Sales team development is more important than ever. Ambition found that 98% of sales reps would stay with a company forever if they were given ongoing development opportunities.
What’s more, companies that invest in sales team development put themselves at a significant competitive advantage by retaining talent. Losing a salesperson costs an average of $115,000.
Your sales team is only as good as the people on that team. By investing in their development, both as individuals and as a group, you can improve their ability to meet quotas and move the needle.
How to build a sales team development plan
Sales development doesn’t just happen. It’s the result of a lot of intentional strategy and effort and requires a commitment of resources from the organization.

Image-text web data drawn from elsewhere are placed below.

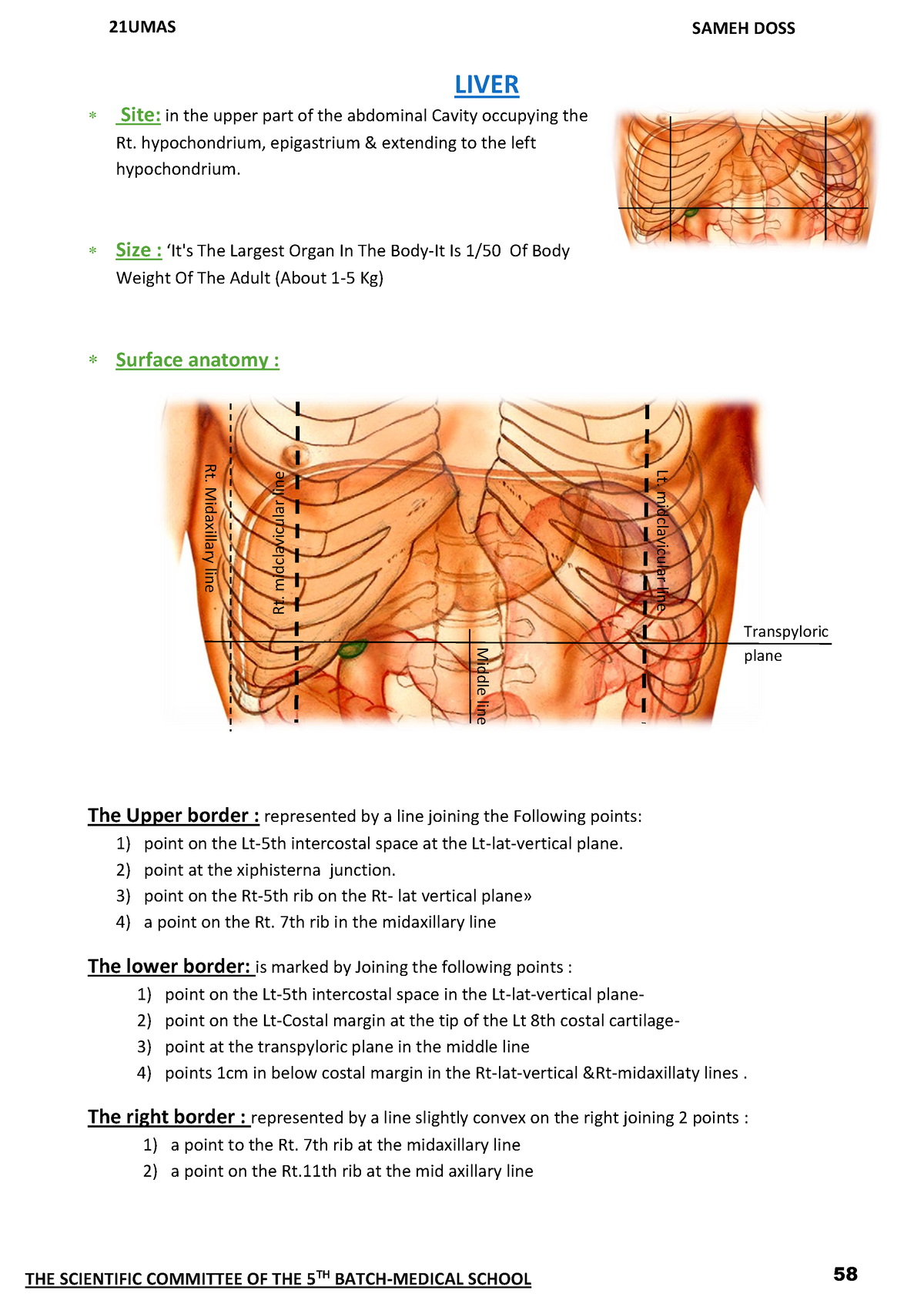 Liver anatomy summary - 58 LIVER Site: in the upper part of the ...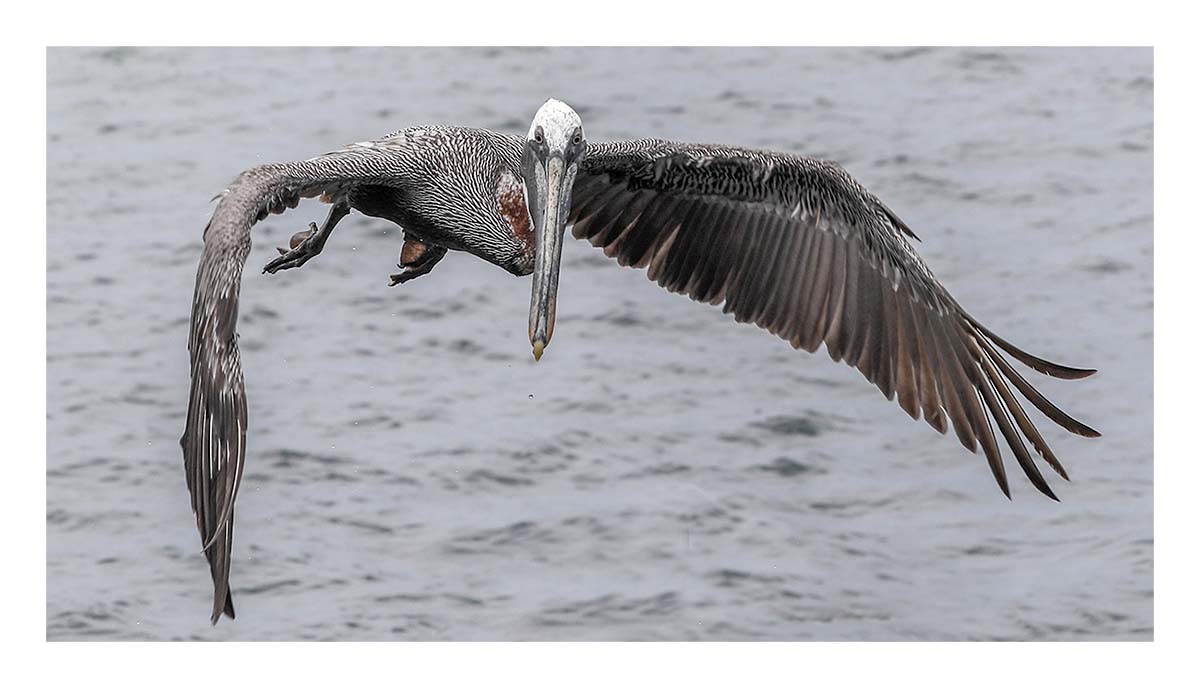 Galapagos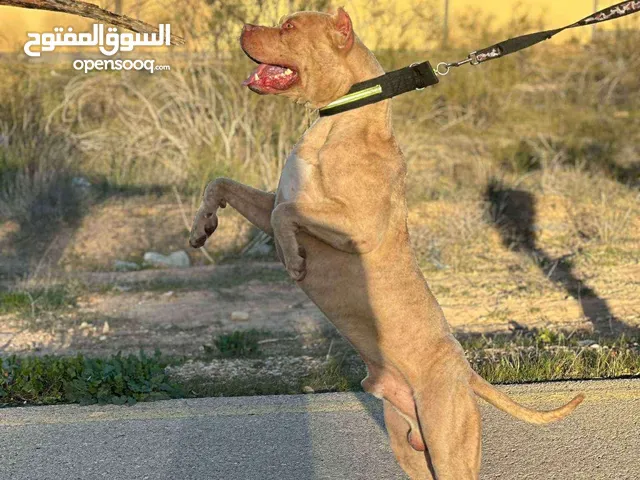 ربي يبااارك حاجه بيور وتعال شوف بيتبول ولا مالينوا كيف جرت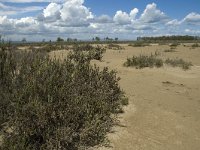 E, Terragona, Deltebre, Eucalyptus 8, Saxifraga-Marijke Verhagen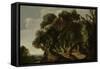 Wooded Landscape, c.1633-Jacob Jacobsz van Geel-Framed Stretched Canvas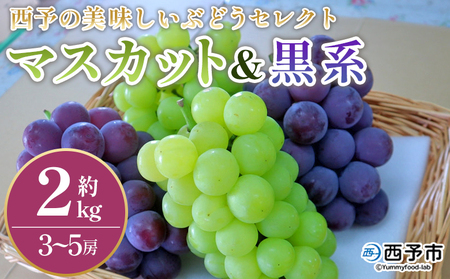 ＜西予の美味しいぶどう セレクトセット／マスカット＆黒系 約2kg＞ 果物 くだもの フルーツ ぶどう 葡萄 ブドウ セット 詰め合わせ つめあわせ 食べ比べ お楽しみ おまかせ 野菜ソムリエ 食べて応援 特産品 産地直送 西予ぶどう倶楽部 愛媛県 西予市【冷蔵】『8月中旬から9月上旬迄に順次出荷予定』OMC0002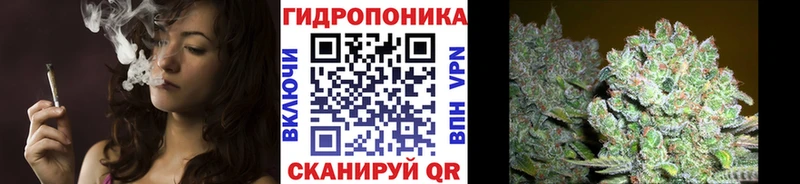mega ссылки  где купить наркоту  Орлов  Бошки марихуана ГИДРОПОН 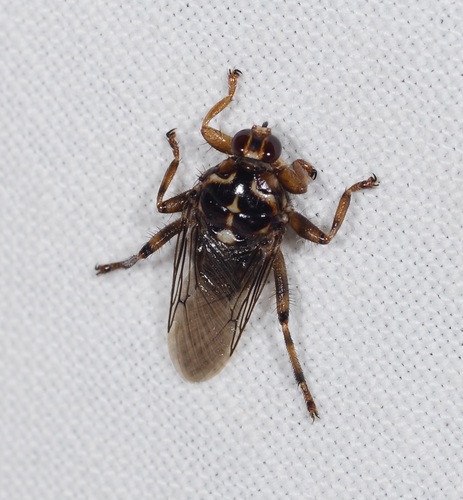 New Forest fly
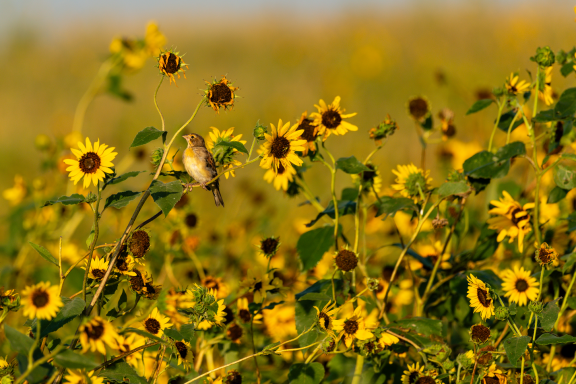 A juvenile dickcissel perches on a common sunflower stem on the author’s farm.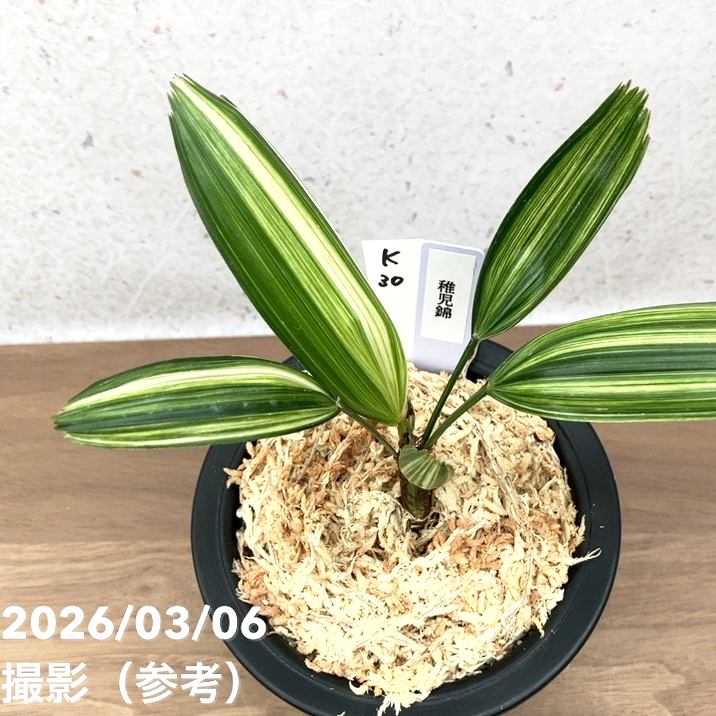 現品お届け】観音竹 カンノンチク 稚児錦 ちごにしき プラ鉢（K30
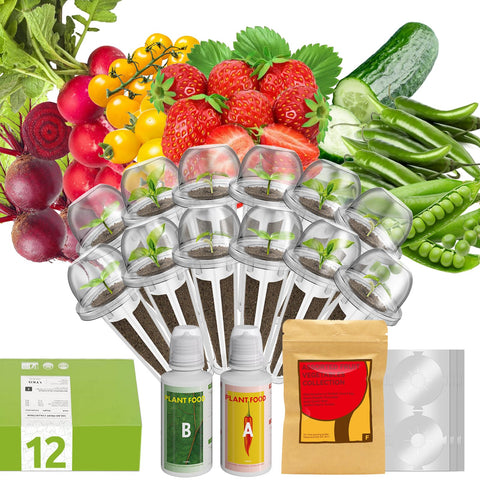 Inbloom 12-pod seed kit strawberry for fresh, indoor desserts and garden variety produce.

As such, it’s important to have a clear plan to get you from Point A to Point B. A cohesive development plan includes role definitions, resources, expectations, and timelines. Here are some steps you can take to develop your own.
1. Establish a sales development budget
On average, 1–3% of the total annual budget should be earmarked for development. Small to medium businesses are spending more than $77,000 annually on outsourced sales training and development. Large companies spend more than five times as much.
If you under or over-spend on sales development, that will create bigger problems down the road. Over-spending without generating results will cause you to lose buy-in among executive stakeholders. Under-spending is unlikely to generate positive results.
By understanding your needs, you can set a realistic budget that suits your goals and needs and, more importantly, moves the needle in the right direction.
Download our Sales Training Budget Guide to help you determine how much to budget for development.
2. Reallocate unused resources
There’s no point in spending money on tools and resources that no one uses. A great way to invest in development without increasing costs is to look for resources that you aren’t using. Rather than waste those dollars, use them to grow and improve your team.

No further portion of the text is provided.